## [SUPPLIED MATERIAL]
§ §
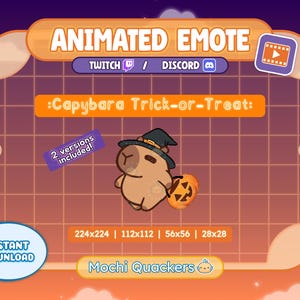 Puede incluir: Gráfico de emote animado con un capibara con sombrero de bruja sosteniendo una calabaza. El texto dice "Animated Emote" y "Capybara Trick-or-Treat". Incluye logotipos de Twitch y Discord. Descarga instantánea.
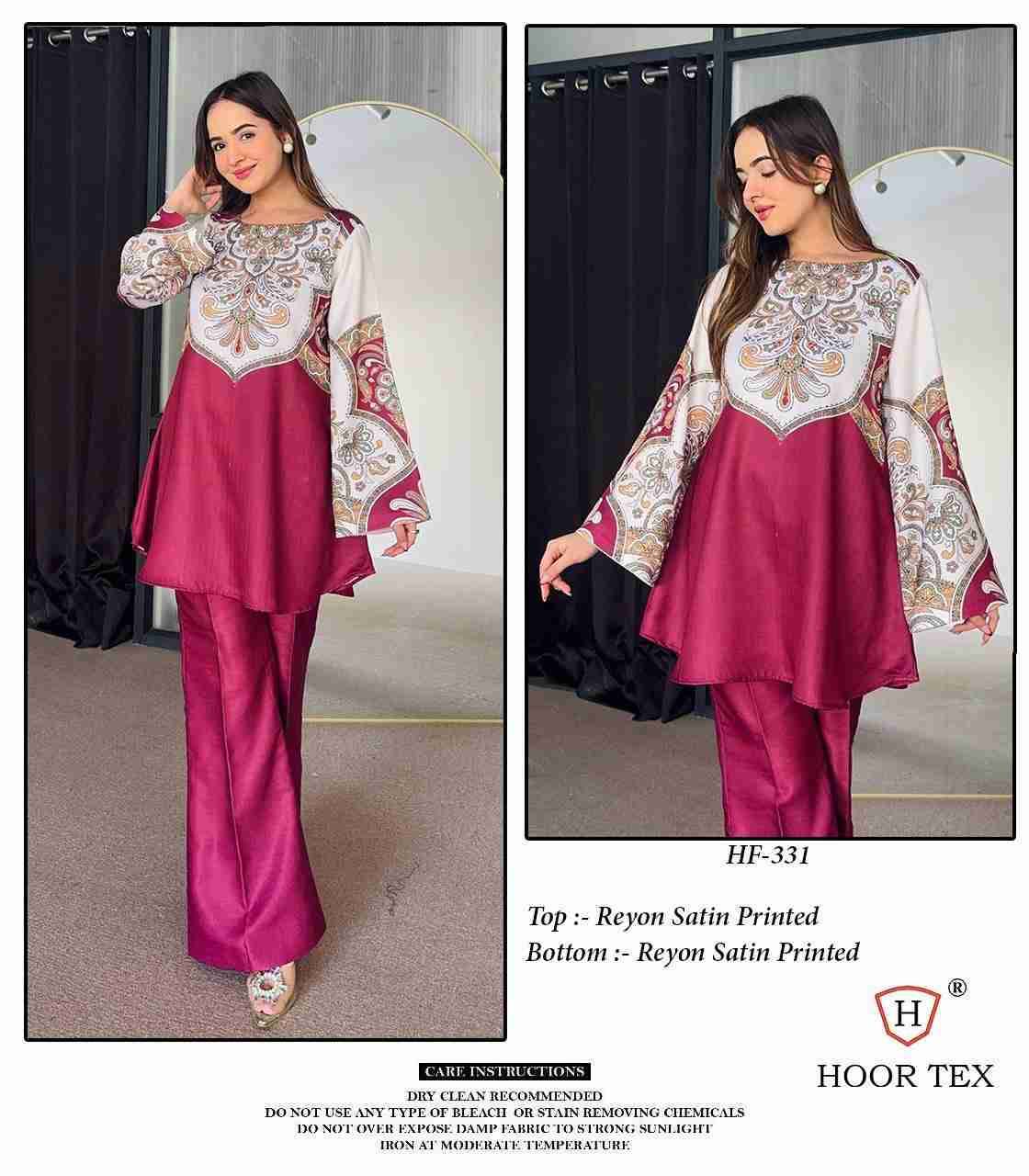 Hoor Tex Hit Design HF-327 Series By Hoor Tex HF-327 To HF-336 Series Designer Stylish Fancy Colorful Beautiful Casual Wear & Ethnic Wear Imported Rayon Satin Co-Ords At Wholesale Price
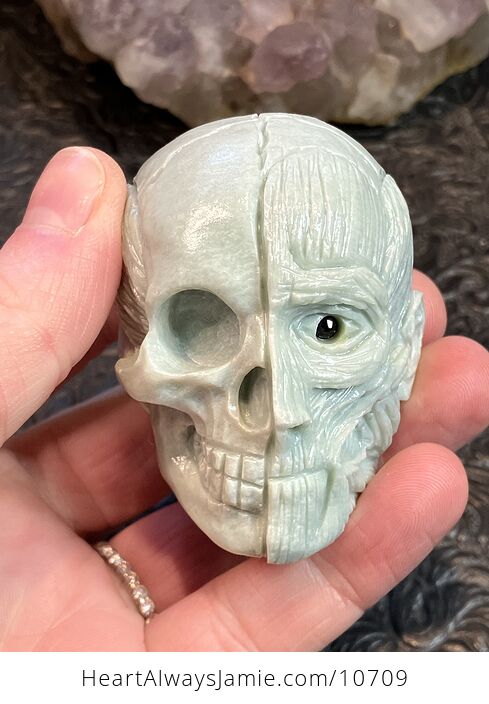 Anatomical Human Skull and Muscle Face Crystal Carving - #r866LKnAiHA-1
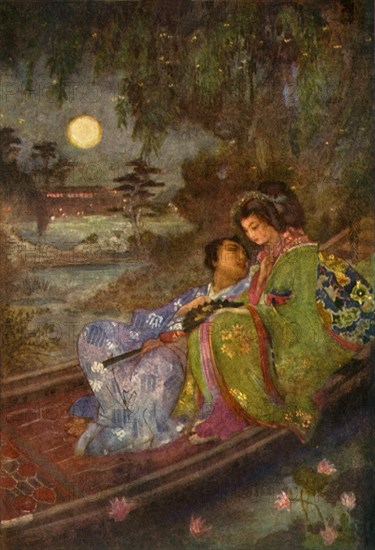 'The Lovers who exchanged Fans', 1912. Creator: Evelyn Paul.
§ §
## [TASK INSTRUCTIONS]
Only the lines from the line with "Anatomical Human Skull" to the bottom of the material above should be reproduced, exactly and without pictures.

## [COMPLETED TASK]
 Anatomical Human Skull and Muscle Face Crystal Carving - #r866LKnAiHA-1
 'The Lovers who exchanged Fans', 1912. Creator: Evelyn Paul.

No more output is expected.